ICANN, the non-profit governing body that manages Internet addresses and overseen the process of adding new domain suffixes, will be meeting on March 13 and March 18, 2011. At this meeting, the US government was proposing that national governments involved in the ICANN process to assign TLDs be able to veto. If other national governments do not object to the veto, the TLD would not have been created.

The U.S. government had released a statement that stated that the veto power “has merit as it diminishes the potential for blocking of top level domain strings considered objectionable by governments. This type of blocking harms the architecture of the DNS and undermines the goal of universal resolvability (i.e., a single global Internet that facilitates the free flow of goods and services and freedom of expression).”
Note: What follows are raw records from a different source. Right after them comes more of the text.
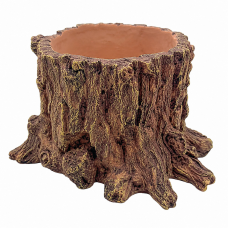 Декорація Hobby Wildwood Stump 15×14,5×9 см - декоративний пень, поїлка, горщик для тераріуму (40849)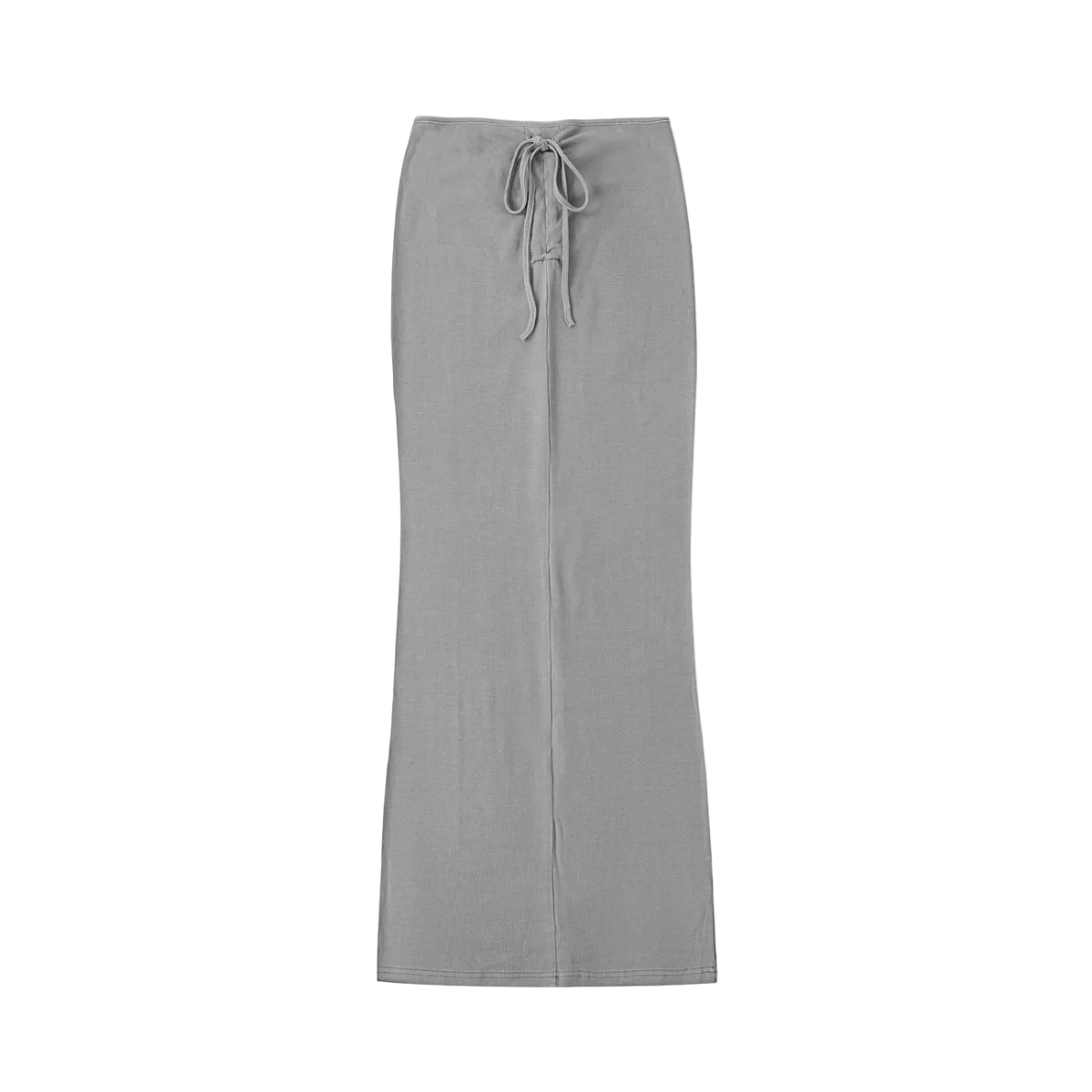 Ruche Bottom Drawstring Maxi Skirt Main image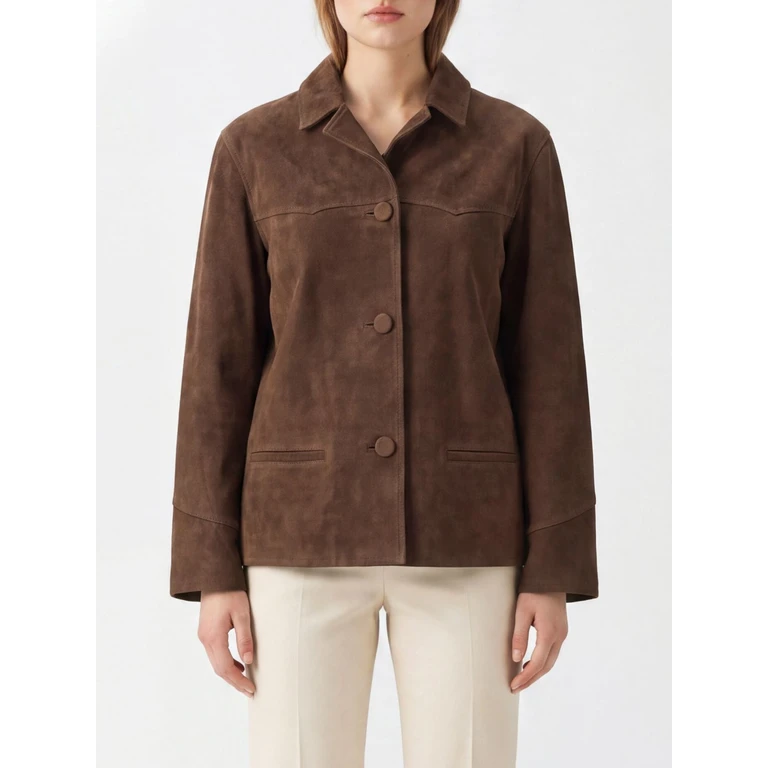 Veste chemise en daim marron Tory Burch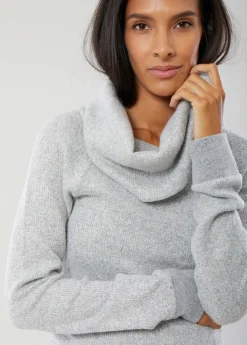 Cowl Neck Maternity Tunic Sweater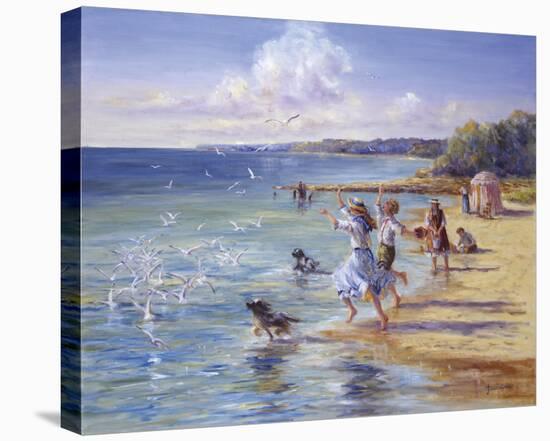 Seaside Scherzando-Judy Talacko-Stretched Canvas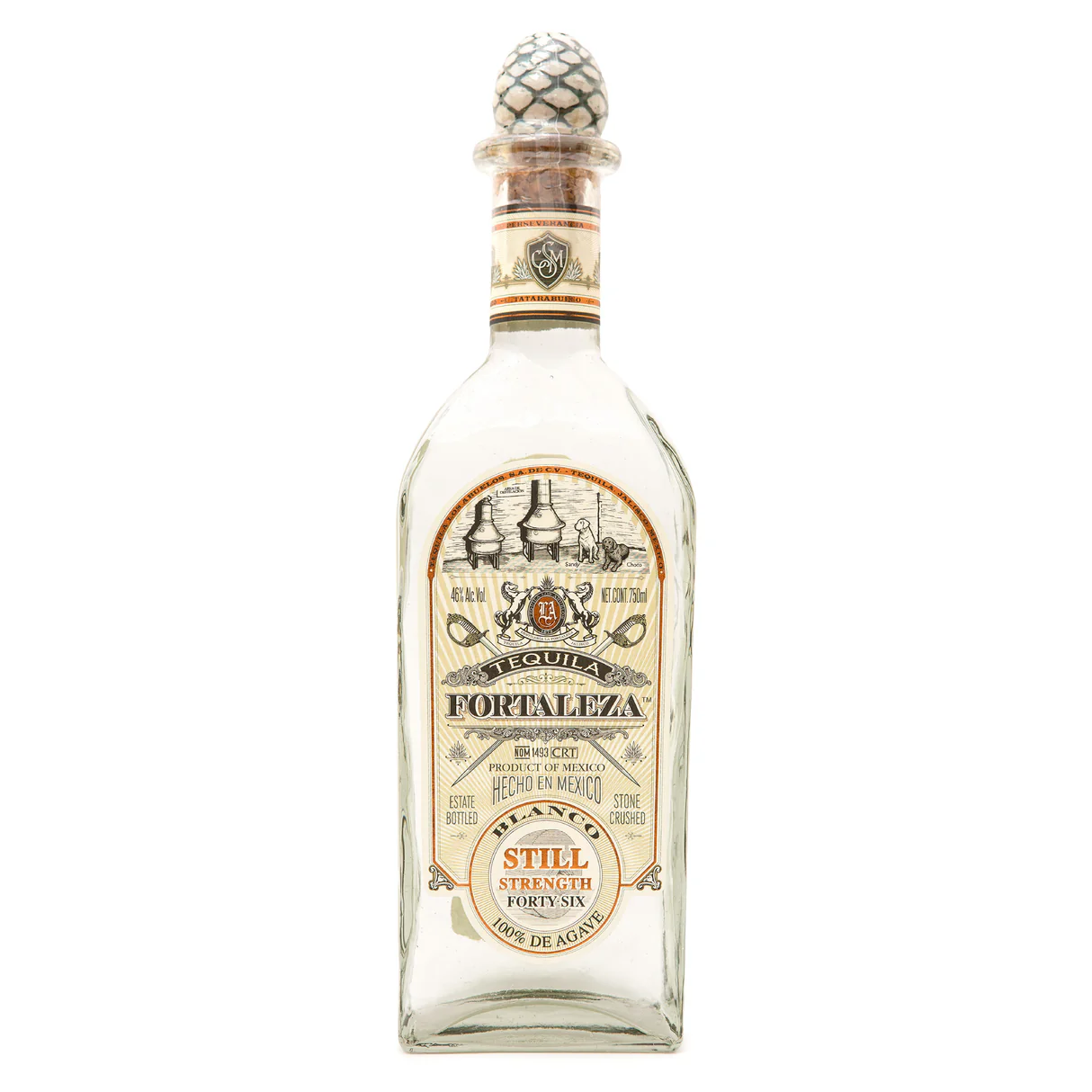 Fortaleza Tequila Blanco Still Strength Forty Six (750ml)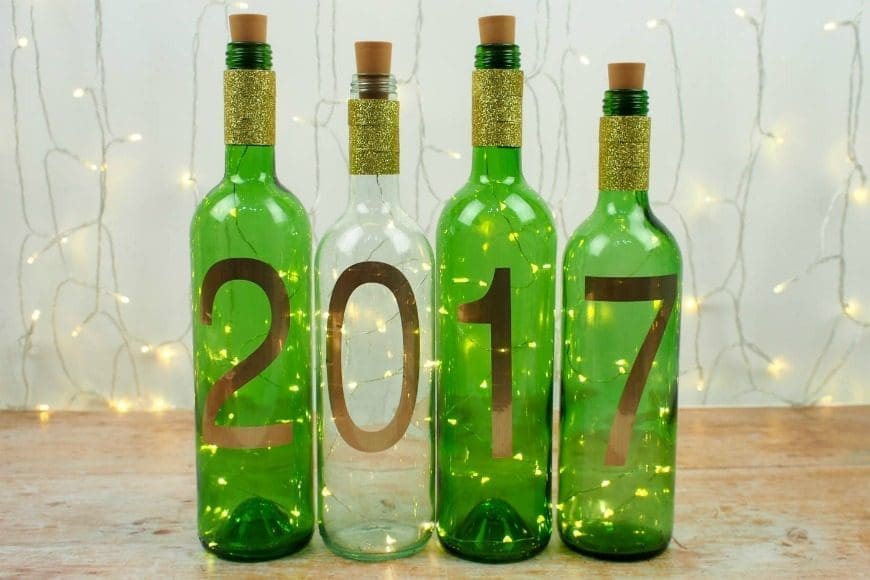 Simple New Year Craft - DIY Wine Bottle Lights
CNET also reported that complicating the Obama administration’s embrace of a governmental veto was its frequently expressed support for Internet freedoms including free speech, laid out in Secretary of State Clinton’s speech last January that reiterated the adminiatrations commitment to “the freedom to connect.”

Mueller added that he “shamed” the administration “into thinking about the free expression consequences” of a governmental veto.

Mueller is Professor at Syracuse University School of Information Studies, where he teaches courses on information and communication policy and telecommunication management. His research focuses on property rights, institutions and global governance in communication and information industries. His earlier book Ruling the Root: Internet Governance and the Taming of Cyberspace (MIT
Press, 2002) was the first book-length analysis of the political and economic forces leading to the creation of ICANN. Currently, he is doing research on the legal and regulatory responsibilities of Internet service providers, Internet Protocol addressing policy, the policy implications of Deep Packet Inspection technology and the security governance practices of network operators.

Mueller was one of the founders of the Internet Governance Project, an alliance of scholars in action around global Internet policy issues. (http://blog.internetgovernance.org) As co-founder of the Noncommercial Users Constituency he has played a leading role in organizing and mobilizing public interest groups in ICANN. Mueller is on the Advisory Council of Public Interest Registry (.org).